Es a finales de los 80, con el disco Suffer (1987) y, sobre todo, con el No Control (1989), cuando Bad Religion inventa el Hardcore melódico, salta a la fama mundial e inaugura la moda del punk californiano, que continuará con grupos como The Offspring, Green Day y NOFX, el primero y el último apadrinados por la banda a través de su discográfica Epitaph, que llegará a ser el sello independiente que más copias ha vendido de uno de sus discos (el Smash, de Offspring).

Durante cuatro o cinco años, la banda se mantiene como referencia mundial del punk rock, con álbumes como Against the Grain (1991) y Generator (1992), pero en 1993 cambian de discográfica, se van a Sony, y emprenden un camino de dulcificación de su sonido que les lleva más cerca del infierno -rechazo y olvido de los fans- que del paraíso mainstreaming. Luego llegan No Substance (1998) y The New America (2000), más cercanos al rock alternativo postgrunge que al hardcore melódico.

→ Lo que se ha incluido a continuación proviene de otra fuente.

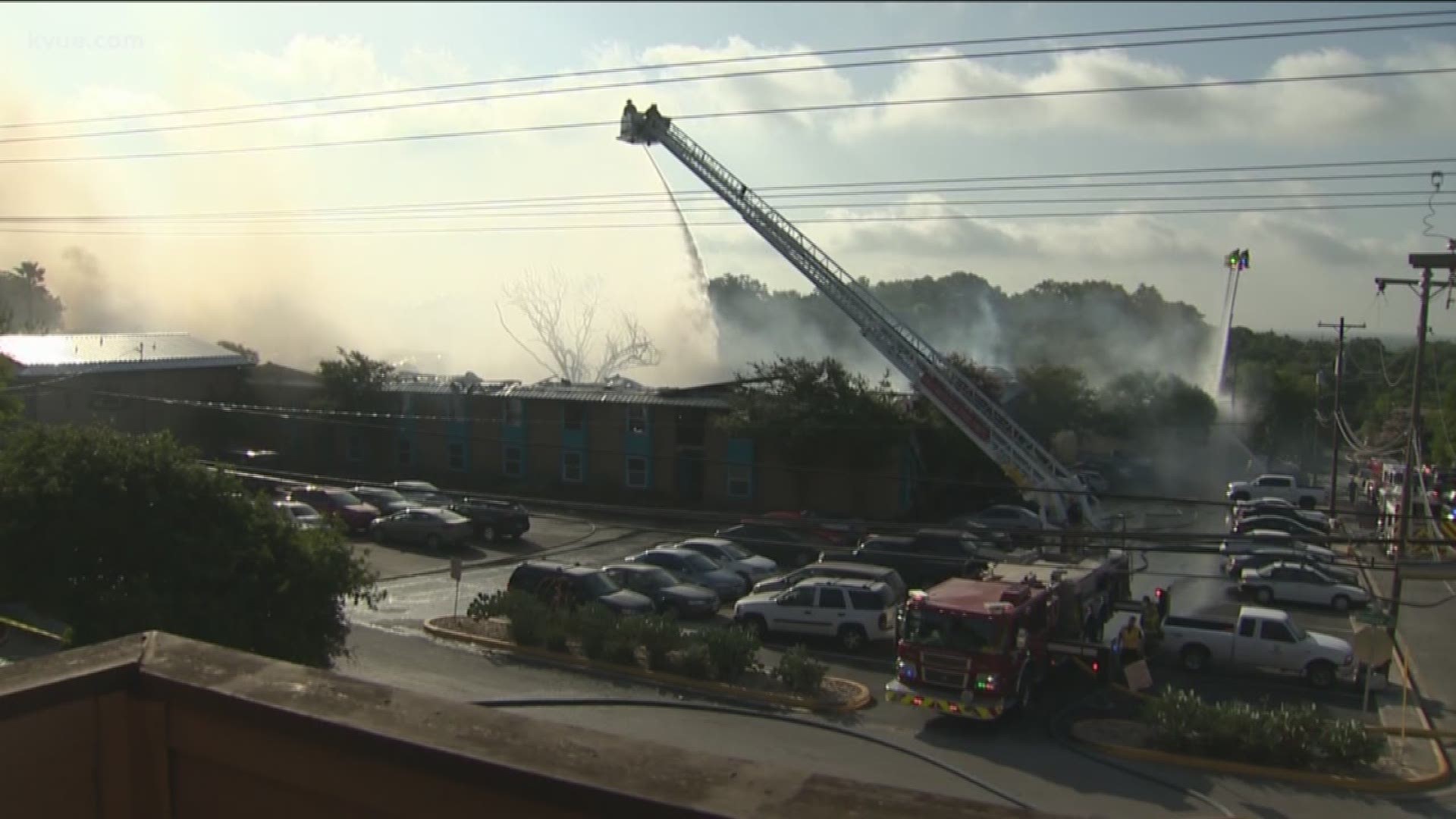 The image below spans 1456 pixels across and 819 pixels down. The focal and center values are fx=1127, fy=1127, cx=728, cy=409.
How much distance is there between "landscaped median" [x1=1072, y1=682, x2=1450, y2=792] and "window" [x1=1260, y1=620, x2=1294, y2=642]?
365 centimetres

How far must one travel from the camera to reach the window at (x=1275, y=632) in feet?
63.2

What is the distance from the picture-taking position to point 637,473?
131ft

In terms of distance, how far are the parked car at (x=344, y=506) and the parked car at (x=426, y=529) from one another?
1.24 m

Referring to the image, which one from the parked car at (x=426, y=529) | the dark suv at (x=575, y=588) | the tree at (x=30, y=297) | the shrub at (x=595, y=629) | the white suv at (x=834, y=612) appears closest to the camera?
the shrub at (x=595, y=629)

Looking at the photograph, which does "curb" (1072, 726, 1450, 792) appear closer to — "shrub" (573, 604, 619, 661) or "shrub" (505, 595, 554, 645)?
"shrub" (573, 604, 619, 661)

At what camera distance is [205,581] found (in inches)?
526

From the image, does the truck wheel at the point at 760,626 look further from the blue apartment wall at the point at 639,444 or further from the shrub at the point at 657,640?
the blue apartment wall at the point at 639,444

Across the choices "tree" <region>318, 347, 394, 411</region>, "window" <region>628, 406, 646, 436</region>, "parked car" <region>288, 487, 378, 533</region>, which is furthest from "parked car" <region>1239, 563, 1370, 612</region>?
"tree" <region>318, 347, 394, 411</region>

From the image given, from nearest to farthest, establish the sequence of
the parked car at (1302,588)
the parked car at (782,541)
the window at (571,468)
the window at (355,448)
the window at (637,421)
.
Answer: the parked car at (1302,588) → the parked car at (782,541) → the window at (637,421) → the window at (571,468) → the window at (355,448)

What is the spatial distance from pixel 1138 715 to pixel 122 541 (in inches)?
563

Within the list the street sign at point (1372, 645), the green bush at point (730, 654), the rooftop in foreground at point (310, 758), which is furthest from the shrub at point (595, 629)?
the rooftop in foreground at point (310, 758)

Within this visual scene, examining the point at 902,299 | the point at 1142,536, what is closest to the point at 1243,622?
the point at 1142,536

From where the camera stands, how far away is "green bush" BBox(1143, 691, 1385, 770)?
14.6 meters

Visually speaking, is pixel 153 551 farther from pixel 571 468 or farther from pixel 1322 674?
pixel 571 468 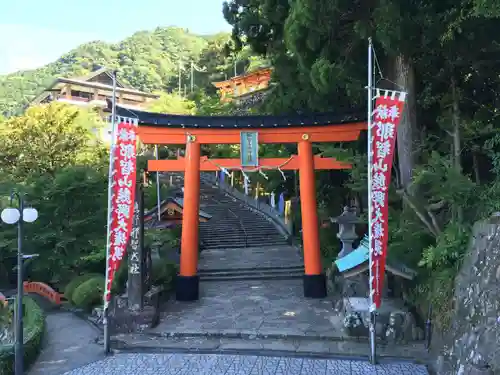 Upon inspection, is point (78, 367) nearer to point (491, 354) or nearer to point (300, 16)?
point (491, 354)

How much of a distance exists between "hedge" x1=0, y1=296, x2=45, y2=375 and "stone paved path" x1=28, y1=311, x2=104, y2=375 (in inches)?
8.9

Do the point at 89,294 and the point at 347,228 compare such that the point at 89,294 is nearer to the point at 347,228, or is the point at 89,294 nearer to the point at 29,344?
the point at 29,344

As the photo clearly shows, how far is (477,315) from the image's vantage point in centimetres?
747

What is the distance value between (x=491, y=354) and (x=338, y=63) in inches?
335

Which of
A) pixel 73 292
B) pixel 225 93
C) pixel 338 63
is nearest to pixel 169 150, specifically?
pixel 225 93

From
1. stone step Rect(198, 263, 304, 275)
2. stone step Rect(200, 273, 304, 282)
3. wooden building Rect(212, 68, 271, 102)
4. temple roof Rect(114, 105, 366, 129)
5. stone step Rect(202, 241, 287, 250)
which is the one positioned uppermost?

Viendo que no logran convertirse en un grupo masivo y que sus seguidores de siempre empezaban a abandonarles, Graffin, Gurevitz y compañía vuelven a su discográfica de toda la vida, Epitaph, y al sonido que les hizo grandes. En 2002, el mismo año que Sony publica el disco que le debían -el recopilatorio Punk Rock Songs (the Epic Years)-, Bad Religion saca el The Process of Belief, con el que empiezan a recuperar su esencia y su público en un solo trabajo. Esta línea sigue con el siguiente disco: The Empire Strikes First, lanzado en 2004 con un sonido contundente y unos temas basados en la denuncia de la política de George W. Bush, y el New Maps of Hell, con el que la banda conmemoraba su 25º aniversario y que constituye una denuncia del retorno de la sociedad occidental a la edad oscura.

Puede que, pese a todo, el momento de Bad Religion ya haya pasado, y que, ahora que el punk rock vuelve a estar de moda, sean bandas como The Hives o The International Noise Conspiracy las que han tomado su relevo. Pero no estaría de más recordar la influencia que el grupo ha tenido en bandas como Pearl Jam o Nirvana, y su contribución a la extensión de un sonido, el punk rock, en el que hace 20 años parecía que no había vida más allá de los Ramones y los Sex Pistols.